Penso di portare una descrizione di un luogo, di una specifica quotidianità, di una realtà in continua crescita ed evoluzione attraverso ritmi e fusioni tra ampi spazi e architettura. Un rapporto tra elementi che ha come fruitore solamente l’uomo. Il paesaggio e l’architettura si prendono il compito di armonizzare un paesaggio che fatica ad avere una propria identità.
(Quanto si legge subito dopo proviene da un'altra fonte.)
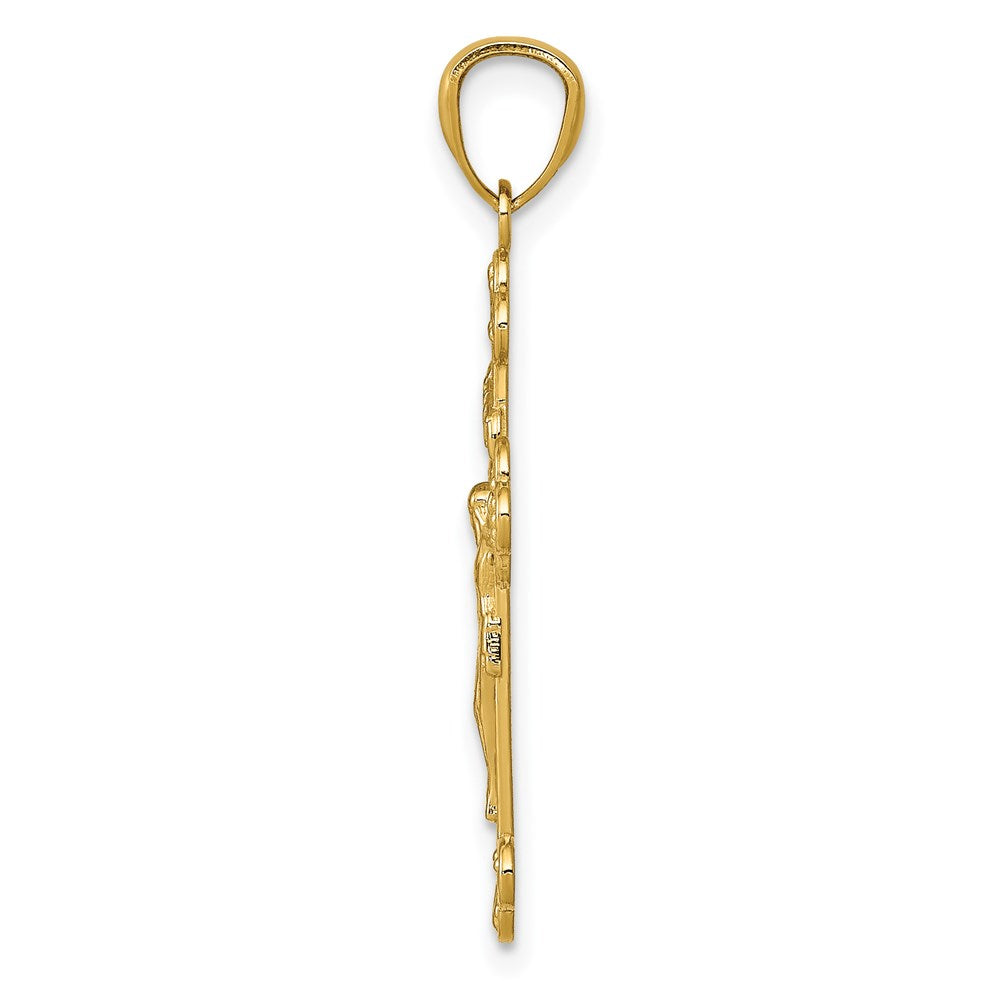 FJC Finejewelers 14 kt Yellow Gold Polished INRI Medium Crucifix Charm 2 mm x 16 mm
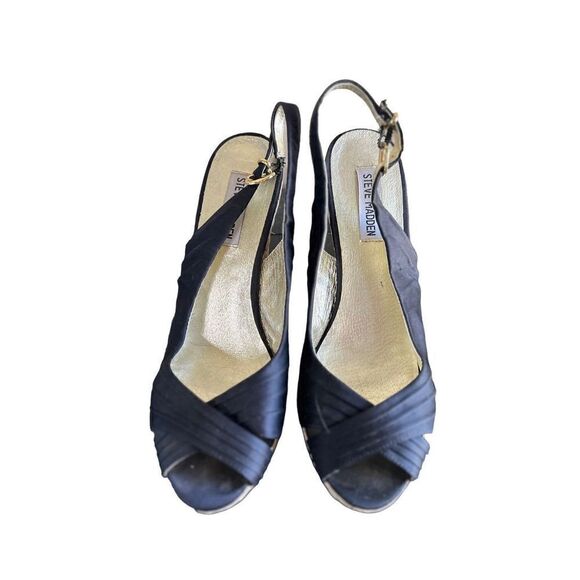 Steve Madden Black Satin Slingback Rope Platform Wedge Size 8 - Picture 5 of 6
profiloSimone Mizzotti (Crema, 1983) studia alla L.A.B.A, libera Accademia di Belle Arti di Brescia. Negli stessi anni approfondisce lo studio dei fo­tografi italiani degli ultimi decenni, dedicandosi ad una personale indagine sul paesaggio italiano. Frequenta il master di alta formazione sull’immagine contemporanea promosso da Fondazione Fotografia di Modena. Partecipa a diverse residenze d’artista in Italia sviluppando il suo interesse verso il territorio e il paesaggio (Confotografia, Mountain Photo Festival, MenoTrentuno giovane fotografia in Sardegna e PAS_Progetto Ate­lier Sardegna). Da dicembre 2013 ad aprile 2014 è stato visiting professor al Ningbo Polytechnic di Beilun, Zhejiang Cina in­segnando tecnica e progettazione fotografica.  Riceve la menzione d’onore al premio Graziadei 2014 per il progetto Ningbo Polytechnic durante la XIII edi­zione del Festival della fotografia di Roma. Negli ultimi anni ha intrapreso diverse attività didattiche volte ad avvicinare il pubblico all’osservazione del paesaggio contemporaneo, attraverso uno sguardo e un linguaggio documentaristico.